Uma história de amor por um cãozinho – Primeira parte

Uma visita inesperada

Katia Betina
Katia Betina

Há um tempo atrás a nova família do pai de meu filho resolveu criar um cão, mas por essas peças que o destino prega, a dona dele veio a falecer e o Bob, esse ē seu nome, ficou meio que sem pertencer a ninguém.

O filho dela foi morar com a vó materna e tem algumas limitações para ficar com o Bob, o pai de Pedro tem uma vida meio sem tempo para esse cuidado cotidiano, a colaboradora da família já tem uma cadelinha e apesar de desejar muito continuar a criá-lo tem alguns impedimentos.

Eis que eu passo a fazer parte dessa história, Pedro olha pra mim e pergunta – Mãe podemos ficar com o Bobinho? Na hora, num momento de lucidez, eu respondi prontamente que não, – Nem Bobinho, nem Bobão.

Acontece que meu filho resiste em aceitar não como resposta e claro continuou insistido.

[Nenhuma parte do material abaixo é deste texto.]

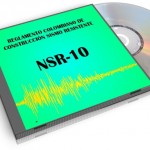 NSR-10 Norma Sismo Resistente del 2010, Colombia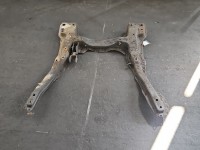 WÓZEK KOŁYSKA TRAWERS Sanki Belka silnika Citroen Jumpy I 95-06 2.0 hdi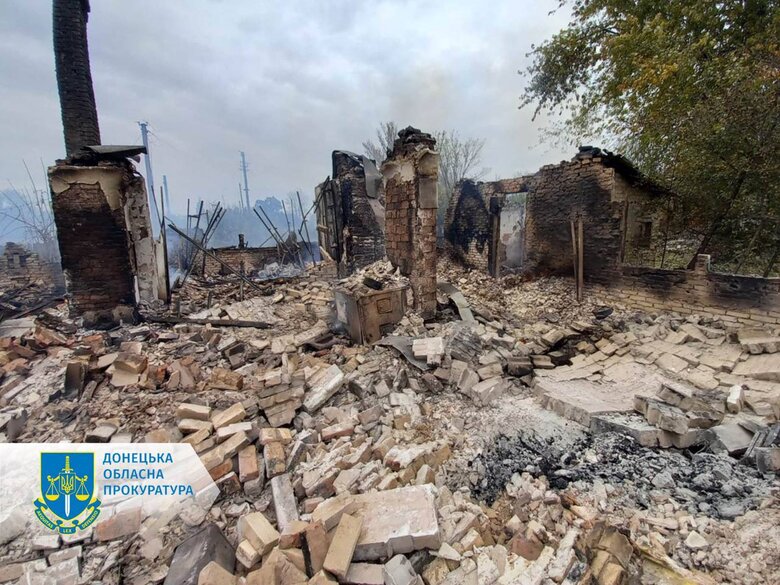 Вследствие обстрела Донецкой области погибли 4 человека, - Офис Генпрокурора 06 Вследствие обстрела Донецкой области погибли 4 человека, - Офис Генпрокурора 06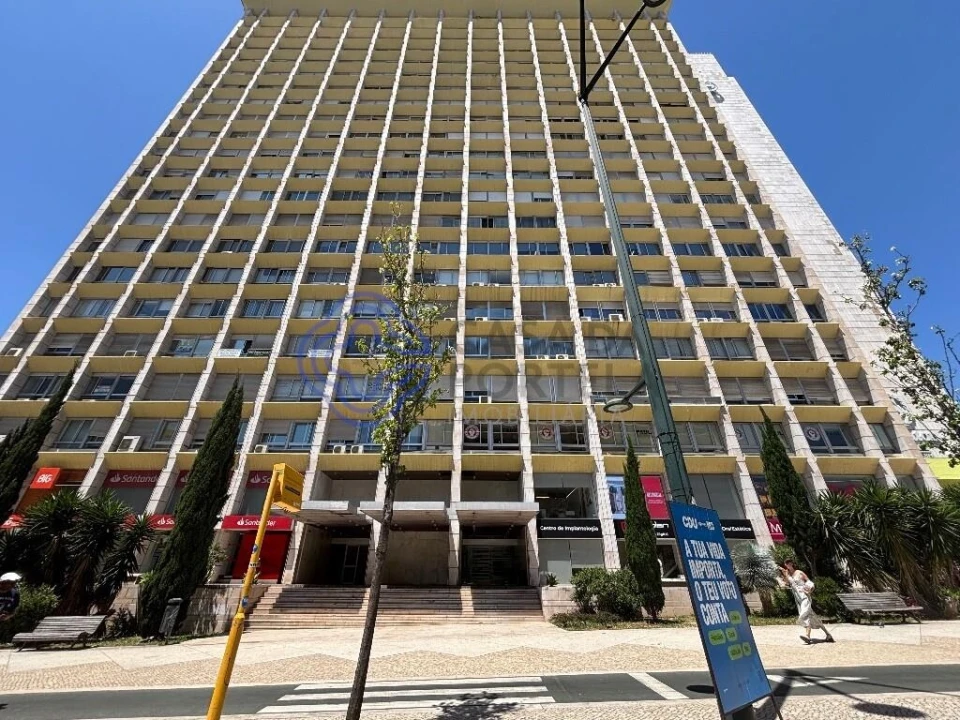 Escritório para Venda em Avenidas Novas Foto 3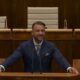 Matúš Šutaj Eštok: PROGRESÍVNI LEGALIZÁTORI DROG A KRÁĽOVNÁ HOAXOV ZO SAS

Eu gosto de animais e os cães (ou cachorros se assim fica mais fácil de entender mais adiante), são os meus preferidos, aliás chego a achar que podia gostar menos. Foi aí que me dei conta que já estava eu, como ē comum, começando a fazer uma certa confusão nos meus pensamentos…

Voltando ao Bob, ele passou a fazer parte dos assuntos domésticos. “Roda, vira e mexe” e essa conversa vem à tona, talvez por isso eu não tenha tomado um susto quando recebi uma foto do Pedro, sentado no sofá da nossa casa com os dois cães na perna, a cadela da secretaria da família e o Bob, ele mesmo, ao vivo.

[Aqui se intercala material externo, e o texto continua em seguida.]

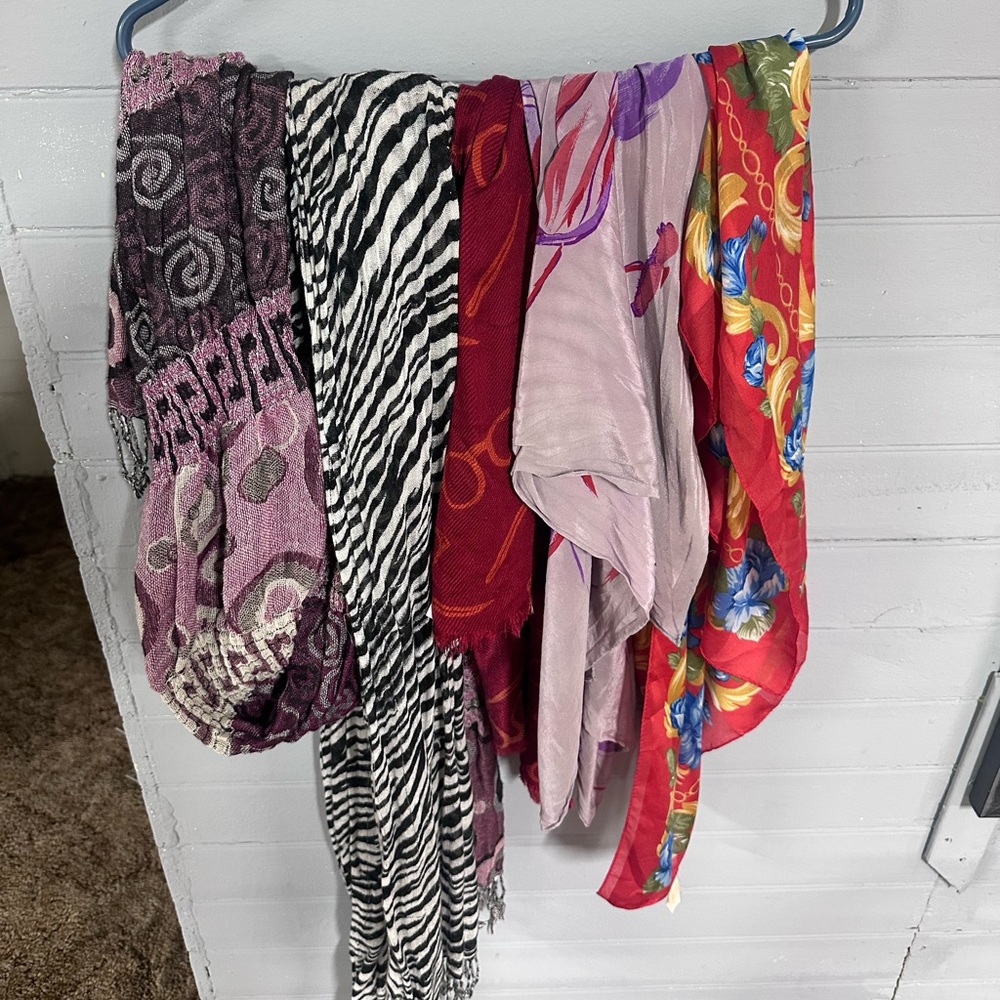 Scarf Bundle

Portanto sabia que seria recepcionada com novidades quando chegasse em casa e não deu outra, abri a porta e ele avançou pra mim latindo, sem nenhuma noção que aqui nesse território, quem manda sou eu, aquela visita inesperada nem imaginava o tanto de sentimentos que faria surgir.

E iniciamos nossas tentativas de interação. Por algum motivo, ou pela perda da “mãe”, ou por ter acompanhando uma doente crônica, ou por ter sido eventualmente repreendido de forma incorreta, ou simplesmente porque ē de sua índole, ele é um cão estressado e arisco.

Nas minhas tentativas de agradá-lo tive as reações das mais diversas, desde aceitar com relativa felicidade, até se mostrando bravo e tentado morder, mas nunca uma relação tranquila.

Ele podia acreditar em mim sem medo, não seria eu a oferecer nenhum risco, não o faria mal, bateria ou gritaria, não ē da minha índole. Bob podia confiar em mim cegamente, mas a história dele já não permitia que assim ele o fizesse.

Até aí nada demais, eu até compreendo que as nossas histórias de vida determinam o que somos e ele com três anos de idade já tem passado somado. O problema ē que para que isso possa ser resolvido ou minimizado precisamos de tempo e sobre tempo eu não tenho governabilidade alguma.

Bob fez surgir na minha frente um acumulado de exemplos dos quais eu preferiria não lembrar, as vezes que fui “mordida” desmerecidamente quando não era eu a responsável pelos medos que motivavam essa reação, afetos que agiram iguaizinhos a ele .

Por várias vezes Bob chegou perto de mim com o rabo balançando (ele já ē da geração politicamente correta e não tem rabo cortado) e bastou que houvesse um movimento meu, ainda que suave, para acariciá-lo e ele fugia assustado.

Minhas intenções eram pacíficas, amorosas, fraternas… sempre são. Me apresentei pra ele em cada uma dessas agressões com as mãos espalmadas abaixo do pescoço dele e sem gritar, ele se acalmava um pouco mas nunca a ponto de se entregar.

Ao final do dia estávamos ele e eu com a sensação que essa história não teria vida longa, nossos passados colocados à nossa frente como se fossem futuro, acabaram por criar obstáculos ao que poderia ter sido um prazer cotidiano.

Ele incapaz de confiar, eu incapaz de amar sem cobranças, ele desconfiado, eu triste por não ter tido a minha oferta de afeto aceita, ele com os fantasmas dele e eu com os meus.

Bob voltou para o lar que ele melhor reconhece, não é maltratado, mas não é tranquilo, não deve acreditar que paz existe. Continuaremos nossos caminhos, ambos ávidos por afetos, ambos sem saber como fazer, nesse ponto somos bem parecidos.